The Contact Group(s) selection specifies who receives alerts when certificate issues are detected. Select one or more contact groups from the available options — the "Default Contacts (Default)" group is pre-selected. Contacts in all selected groups receive alerts. Manage contact groups and notification methods (email, SMS, Slack, etc.) in the Contacts section of your account.

The Tags field lets you organize and filter monitors using custom labels for easier management. Common tag categories include:

  • Environment: production, staging, development
  • Service type: webserver, mailserver, database, ldap, api
  • Team: devops, platform, security
  • Location: us-east, eu-west, datacenter-1, aws, on-prem
  • Criticality: critical, high-priority, customer-facing
info

Billing for this monitor will begin immediately after you click Add Monitor.
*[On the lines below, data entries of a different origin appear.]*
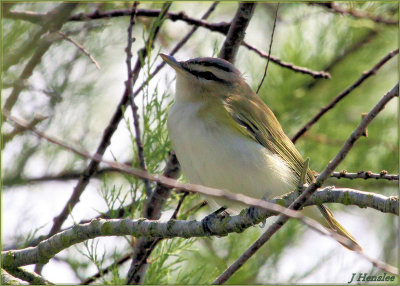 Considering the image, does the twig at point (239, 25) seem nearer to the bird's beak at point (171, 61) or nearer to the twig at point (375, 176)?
the bird's beak at point (171, 61)

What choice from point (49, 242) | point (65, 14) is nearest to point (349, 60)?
point (65, 14)

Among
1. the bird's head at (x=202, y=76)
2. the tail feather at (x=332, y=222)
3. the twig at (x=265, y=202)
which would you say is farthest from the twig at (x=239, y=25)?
the twig at (x=265, y=202)

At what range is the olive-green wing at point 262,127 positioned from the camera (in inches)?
129

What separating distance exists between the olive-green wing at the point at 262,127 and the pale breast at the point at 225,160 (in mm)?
107

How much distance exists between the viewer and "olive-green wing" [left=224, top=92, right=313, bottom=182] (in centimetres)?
327

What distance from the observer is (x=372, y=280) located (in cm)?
253

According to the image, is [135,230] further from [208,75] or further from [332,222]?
[208,75]

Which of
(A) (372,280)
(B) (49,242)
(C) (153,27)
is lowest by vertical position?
(A) (372,280)

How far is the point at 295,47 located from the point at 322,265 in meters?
1.75

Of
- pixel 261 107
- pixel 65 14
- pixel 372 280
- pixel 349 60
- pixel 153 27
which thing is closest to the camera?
pixel 372 280

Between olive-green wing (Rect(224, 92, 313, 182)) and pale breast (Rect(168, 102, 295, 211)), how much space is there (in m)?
0.11

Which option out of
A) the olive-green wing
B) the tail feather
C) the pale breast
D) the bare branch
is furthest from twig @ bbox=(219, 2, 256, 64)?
the tail feather

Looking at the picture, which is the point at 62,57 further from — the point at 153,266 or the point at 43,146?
the point at 153,266

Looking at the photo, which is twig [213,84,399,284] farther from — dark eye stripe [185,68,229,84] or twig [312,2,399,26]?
twig [312,2,399,26]
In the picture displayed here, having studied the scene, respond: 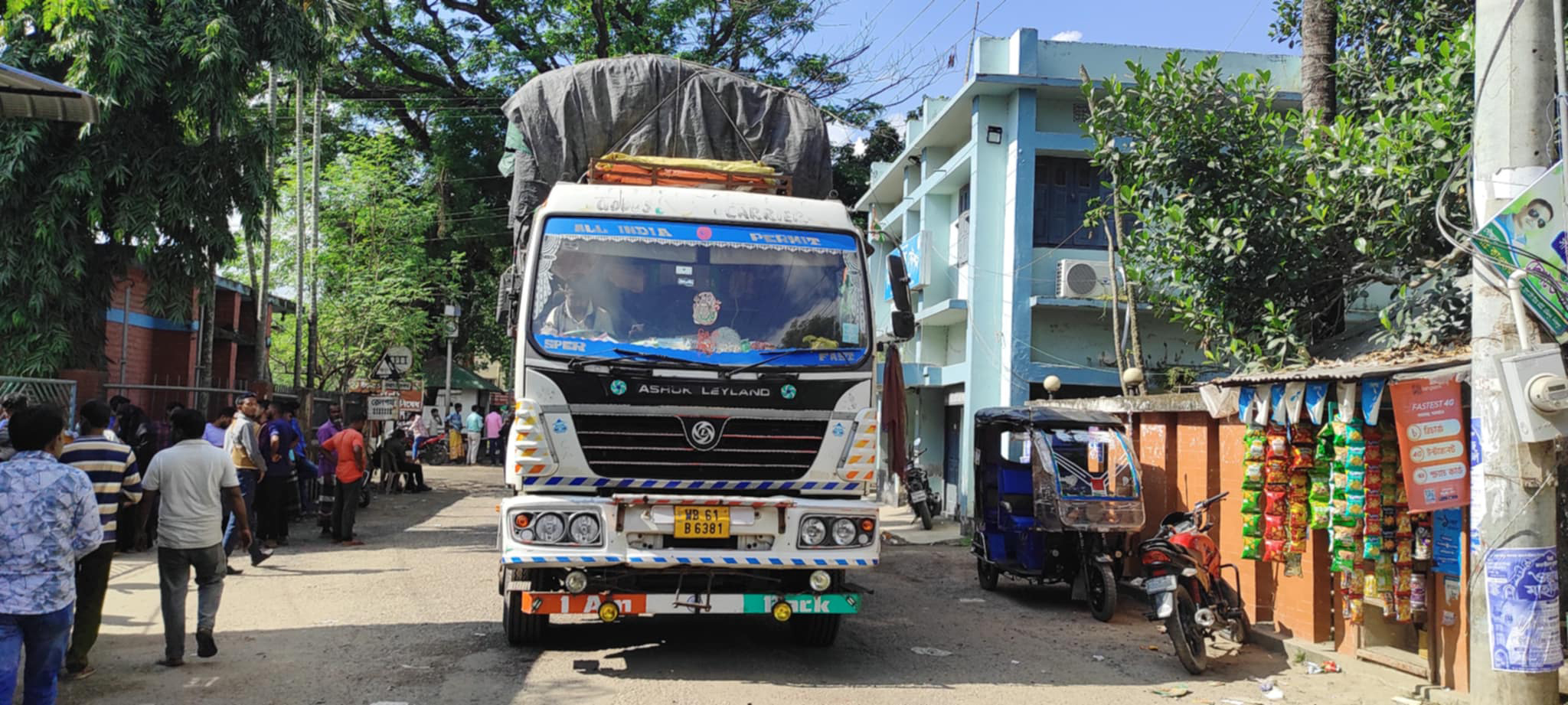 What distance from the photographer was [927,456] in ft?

Each active monitor counts toward your account's monitor limit.

After Adding

Once created, the system immediately performs an initial certificate check and adds the monitor to your list. Click the Report link to view the full certificate chain analysis, validation results, expiration dates, issuer information, and any warnings or errors.

If you encounter connection errors, verify the hostname resolves correctly, the service is running, the protocol matches the service, and any custom port is specified correctly. For certificate errors, confirm TLS/SSL is enabled and verify STARTTLS support for protocols that require encryption upgrades.